Solo da poco è tornato negaivo al tampone riprendendo così la sua attività pastorale senza mancare questo importante appuntamento. Viste le restrizioni in atto, la cerimonia è stata anticipata a oggi 4 dicembre, con un numero limitato di partecipanti e alla presenza delle autorità.
La lettura biblica che ha preceduto il suo intervento raccontava del profeta Geremia che in un momento in cui la distruzione di Gerusalemme ad opera di Nabucodonosor incombeva sul popolo ebraico decide di acquistare un campo e di pensare quindi al futuro.
Delpini lega il suo messaggio a questa scena e descrive l’oggi dal suo punto di vista: un generale atteggiamento di rinuncia, un’emergenza spirituale che si traduce in aridità e uno stato di assedio dovuto a preoccupazioni sulla salute e il lavoro che limitano l’orizzonte solo al presente.
In questo scenario, però, agiscono gli uomini “che sanno stare al loro posto”.
Qui il suo pensiero va a quanti hanno garantito il funzionamento istituzionale, sanitario, dell’economia.
Lo sguardo torna poi alla società attuale e ai suoi mali: l’individualismo e la fine delle ideologie intese come un atteggiamento di presunzione verso cose e persone. E il riferimento va al Papa e al suo messaggio del marzo scorso con la metafora del “tutti sulla stessa barca. Nessuno si salva da solo”.
A questo punto del messaggio, Delpini svela il titolo che ha scelto per il suo discorso “Tocca a noi, tutti insieme“. Questa intima e tenace convinzione tornerà più volte da qui al termine del suo intervento per sottolineare cosa dovrebbe animare la società nuova: un servizio da compiere e un contributo da offrire in termini di operosità, consapevolezza dei propri limiti e umiltà che si traducono in una visione che fa dire “sogniamo insieme”.

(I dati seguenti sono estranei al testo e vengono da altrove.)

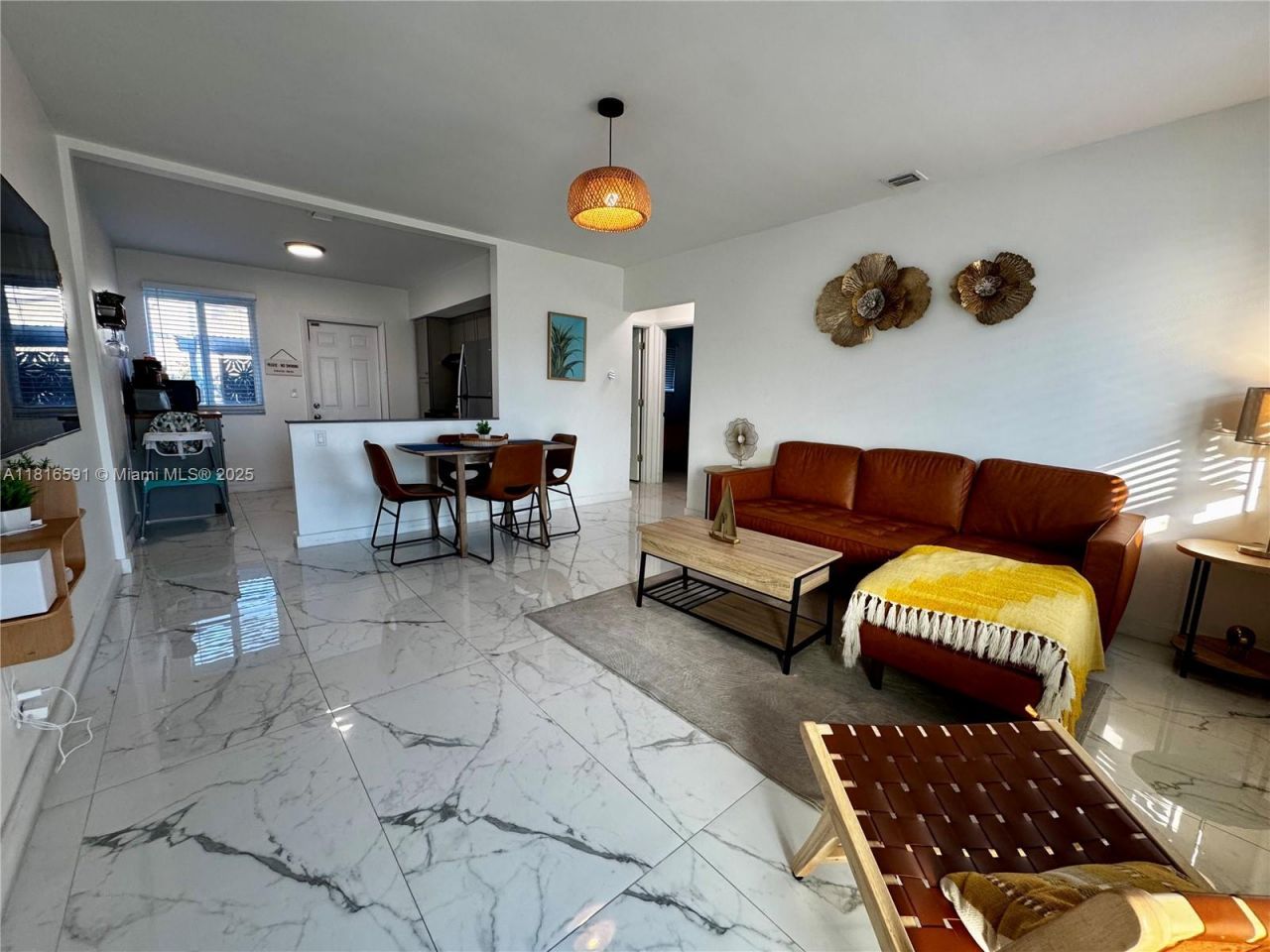 1012 SW 3rd Ave, Hallandale Beach, FL 33009 Photo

Il sogno si ricollega alla visione cristiana del Dio nella storia che è anche ciò che ha fondato la nostra società fino a quando “io” non ha sostituito Dio.

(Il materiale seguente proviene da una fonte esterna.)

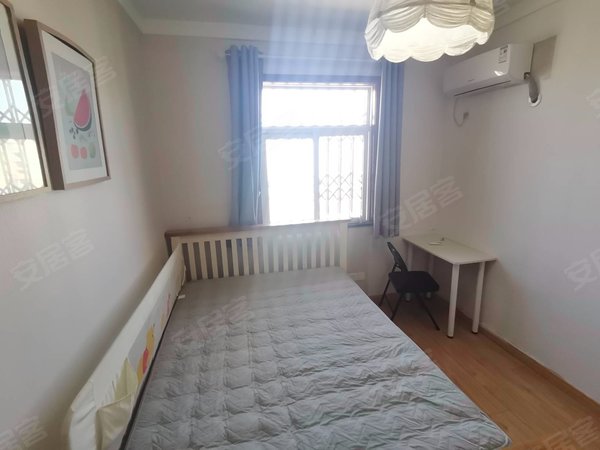 武汉洪山铁机路东湖景园b区四号线 东湖景园 可短租可月付 三户合住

Ecco allora la necessità di un ritorno a:
– La famiglia intesa come nucleo originario della società, come luogo di accoglienza, come idea che nessuno deve essere lasciato a sé stesso;
– La fraternità: tra le persone e tra i popoli che presuppone uguale dignità per ognuno;
– La fiducia: nella scienza e in varie forme di intraprendenza, pazienza e organizzazione.
Il “tocca a noi” si trasferisce poi alla costruzione della condivisione, all’importanza dell’educazione per i giovani e per la quale non è responsabile solo la famiglia, nell’attenzione alla disabilità e all’emarginazione perché “nessuno è irrecuperabile”, nella costruzione di una comunità plurale e nel dialogo che ha bisogno di tempo, attenzione e dell’incontro con l’altro.

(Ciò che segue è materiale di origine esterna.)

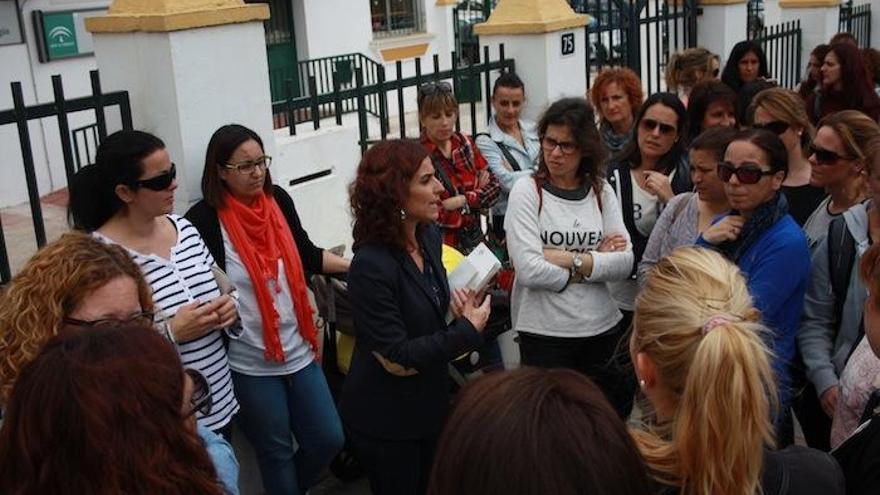 Márquez con los representantes de las AMPAS de Las Lagunas.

A questo punto Delpini e con lui tutta la chiesa ambrosiana, si mette a disposizione per la realizzazione di questo grande progetto attraverso il dialogo con tutti i soggetti istituzionali e non mettendo al centro l’educazione delle nuove generazioni.
L’ultima parte del suo discorso sono i ringraziamenti che fa attraverso la formula “voglio ringraziare, elogiare, incoraggiare” rivolto a tutti coloro che “si fanno avanti”:
– le istituzioni;
– il personale sanitario, le forze dell’ordine, il personale dei servizi pubblici;
– tutti coloro che fanno vivere e funzionale la città;
– chiunque si dedichi agli altri attraverso il volontariato.
Curioso che abbia rivolto un ringraziamento anche a chi è capace di farsi avanti per lasciare il posto a qualcun altro, non per cattiva volontà ma perché animato da una saggia modestia.